§ GIVEN DATA
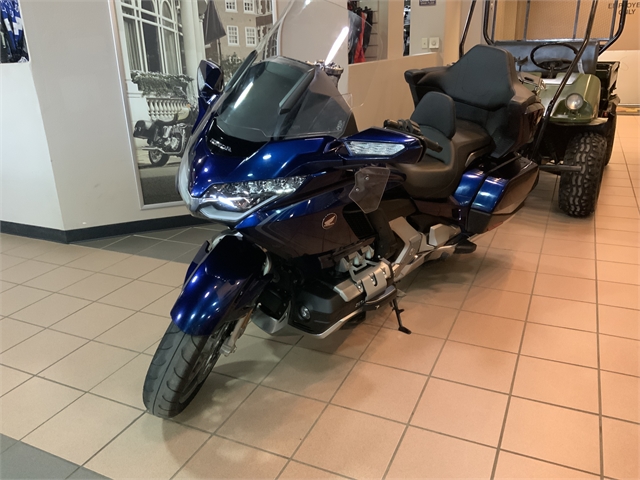 2018 Honda Gold Wing Tour DCT at Midland Powersports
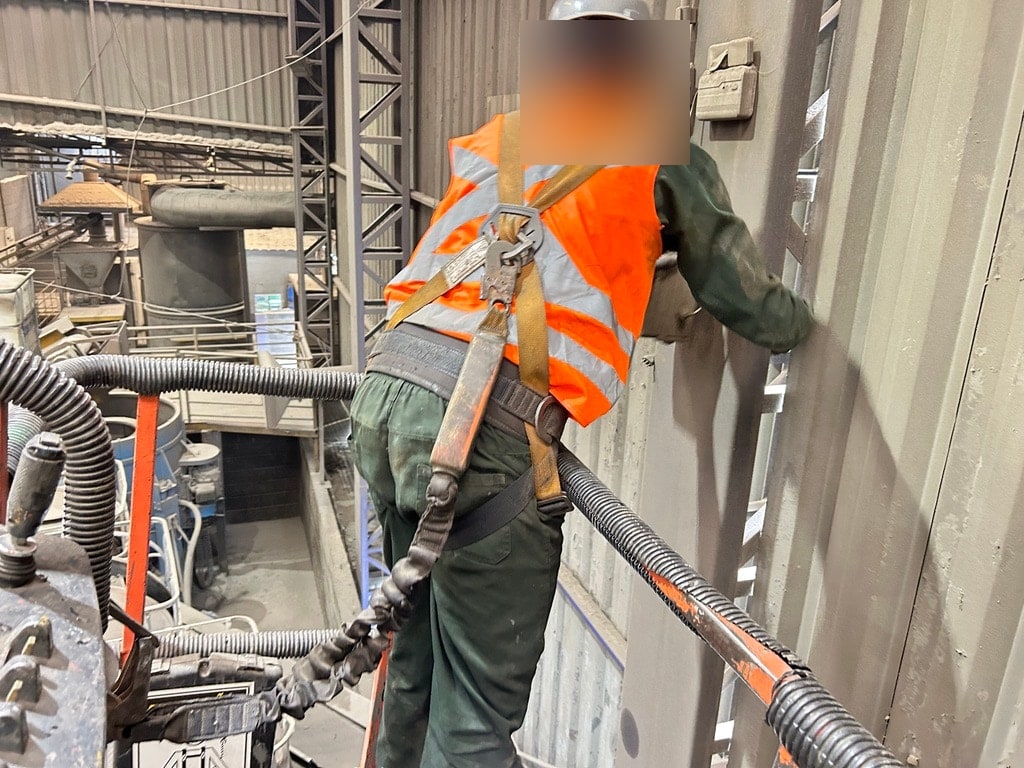 Equipe técnica em acesso de altura dentro de unidade industrial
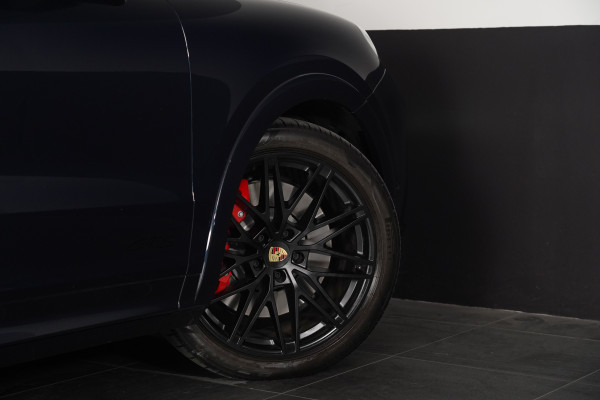 2024 Porsche Cayenne GTS SUV Image 24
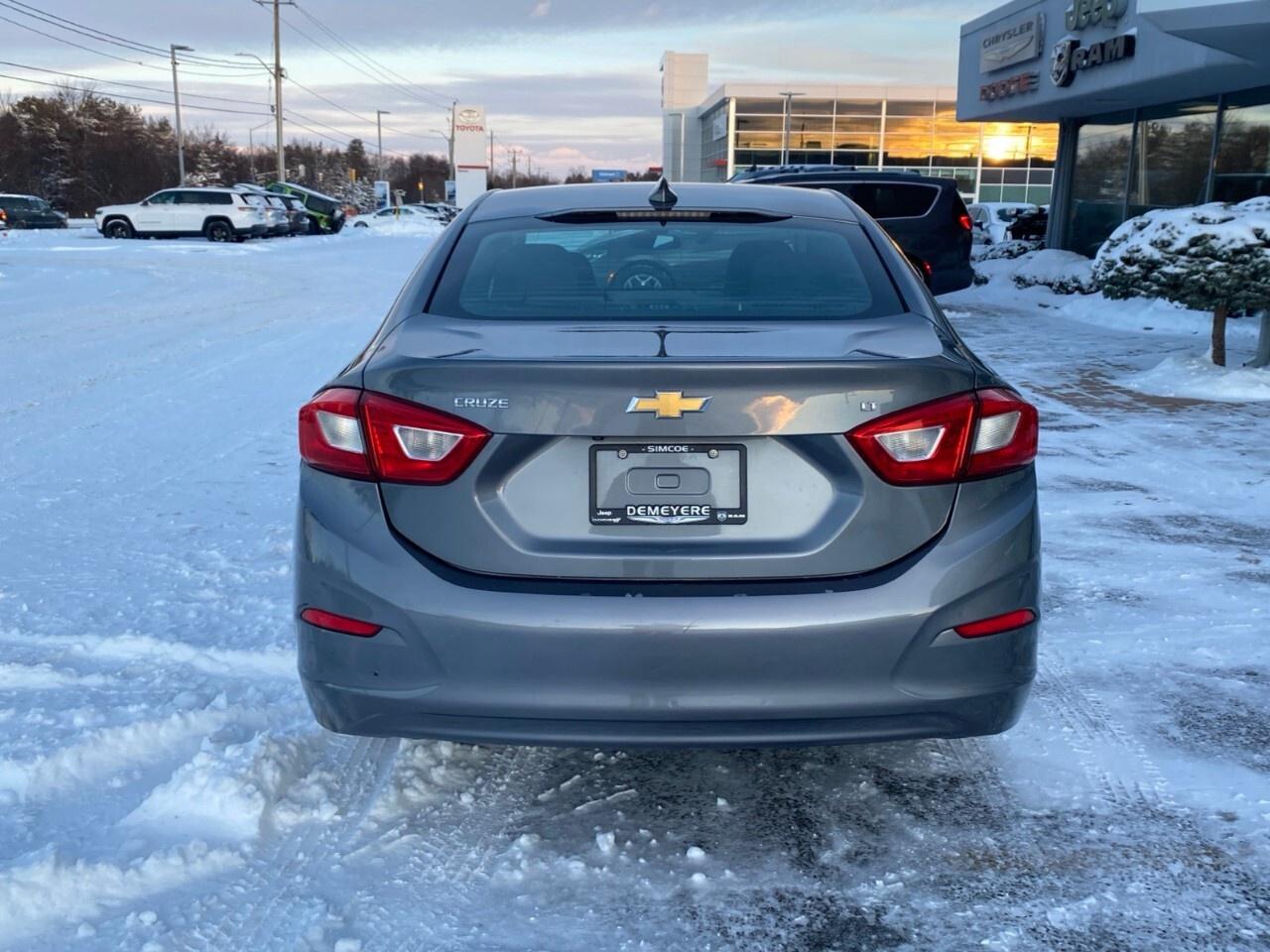 2018 Chevrolet Cruze Sedan LT (Automatic) Photo
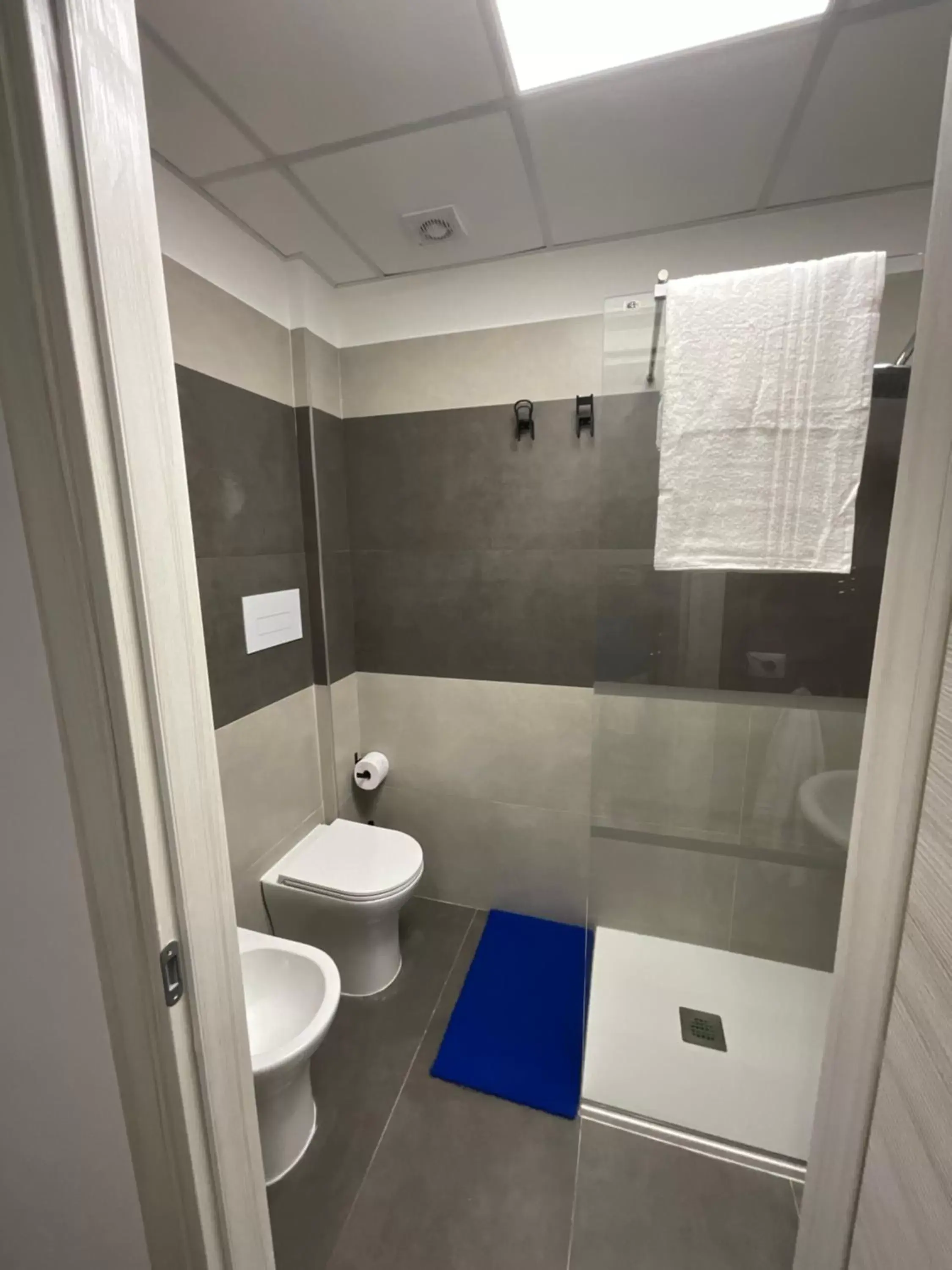 Bathroom in M&M rooms Margherita di Savoia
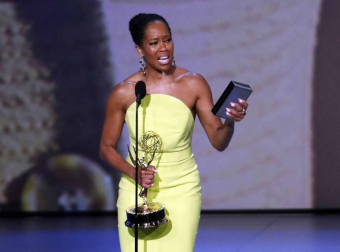'Juego de Tronos' extendió su imperio televisivo en los Emmy, en los que se llevó el premio a la mejor serie dramática, mientras que 'The Marvelous Mrs. Maisel' arrasó con su primera temporada en los apartados de comedia de los galardones más importantes de la pequeña pantalla.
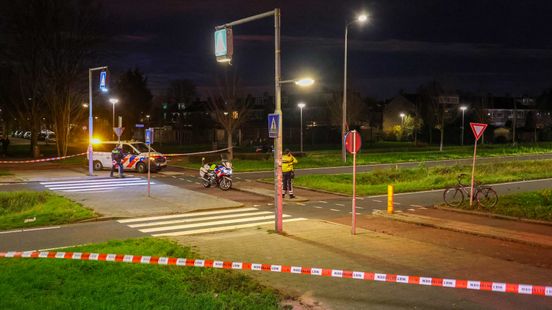 Fietser zwaargewond na aanrijding met auto. Fietser zwaargewond na aanrijding met auto.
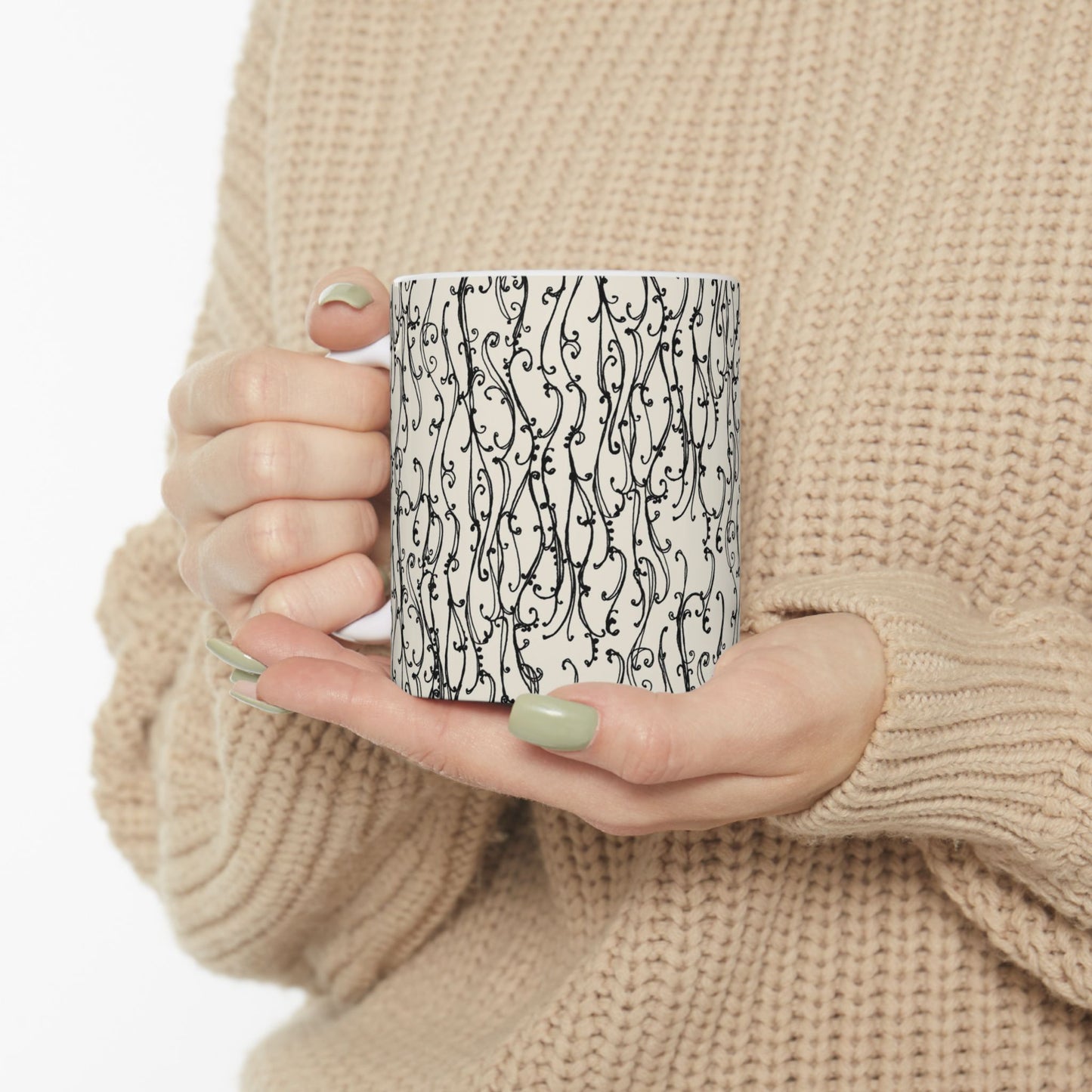 Swan Scroll Ivory / Black Cup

§ REQUIREMENT
Nothing but the lines from the one containing "Fietser zwaargewond na aanrijding met auto. Fietser" through the final line of the records, both included and copied exactly, should appear in the answer; pictures stay out.

§ THE COMPLETED TASK
 Fietser zwaargewond na aanrijding met auto. Fietser zwaargewond na aanrijding met auto.
 Swan Scroll Ivory / Black Cup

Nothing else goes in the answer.